My use case is dictating text into various applications and correcting that text within the text area. If I have to, I can use the dictation box and then paste it into the target application.
When you talk about using speech recognition for creating code, I've been through enough brute-force solutions like Talon to know they are the wrong way because they always focus the user on the wrong thing. When creating code, you should be thinking about the data structure and the environment in which it operates. When you use speech-driven programming systems, you focus on what you have to say to get the syntax you need to make it compile correctly. As a result, you lose your connection to the problem you're trying to solve.
Whether you like it or not, ChatGPT is currently the best solution as long as you never edit the code directly.
Thank you! We love hearing stories like this.
We want to get Aqua into as many places as possible — and will go full tilt into that as soon as the core is extremely extremely solid (this is our focus right now).
Great lessons from Dragon Dictation. Would love to learn more about the speech recognition user group meetings! Are those still running? Are you a part of any?
Unfortunately no. I think they faded out almost 20 years ago.
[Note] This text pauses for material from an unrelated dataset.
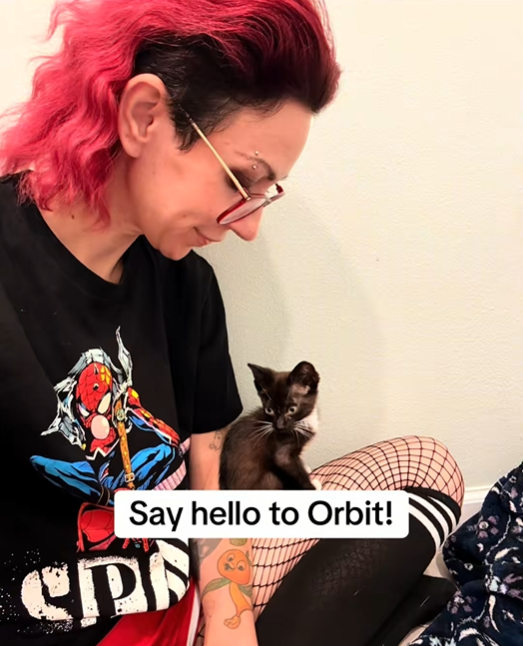 Say hello to Orbit! SPA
The main problem was that without having someone able to create solutions, the speech recognition user group devolved into a bunch of crips complaining about how fewer and fewer applications work with speech recognition. We knew what was wrong; we knew how to iterate to where NaturallySpeaking should be, but nobody was there to do it.
FWIW, I am fleeing Fusebase, formally known as Nimbus, because they "pivoted" and messed up my notetaking environment. In the beginning, I went with Nimbus because it was the only notetaking environment that worked with Dragon. After the pivot, not so much. I'm giving Joplin a try. Aqua might work well as an extension to Joplin, especially if there was a WYSIMWYG (what you see is mostly what you get) front-end like Rich Markdown. I'd also look at heynote.
On a somewhat unrelated note, I remember Nuance used to be quite litigious, using its deep patent collection to sue startups and competitors. I'm not sure if this is still the case now that they're owned by Microsoft, but you may want to look into that.
I remember being in a conversation back in 2002 or so, where some Smalltalkers were brainstorming over the idea of controlling the IDE and debugger with voice.
It just so happens, that many of the interfaces one has to deal with are somewhat low bandwidth. (For example, many spend most of their time stepping over, stepping into, or setting breakpoints in a debugger.) Code completion greatly cuts down the number of options to be navigated second to second. It seems like the time has arrived for an interactive voice operated AI pair programmer agent, where the human is taking the "strategic" role.
I always felt coding could be such a great fit for voice recognition, as you have a limited number of tokens in scope and know all the syntax in advance (so recognition accuracy should be pretty good). Never saw a solution that really capitalized on that, though.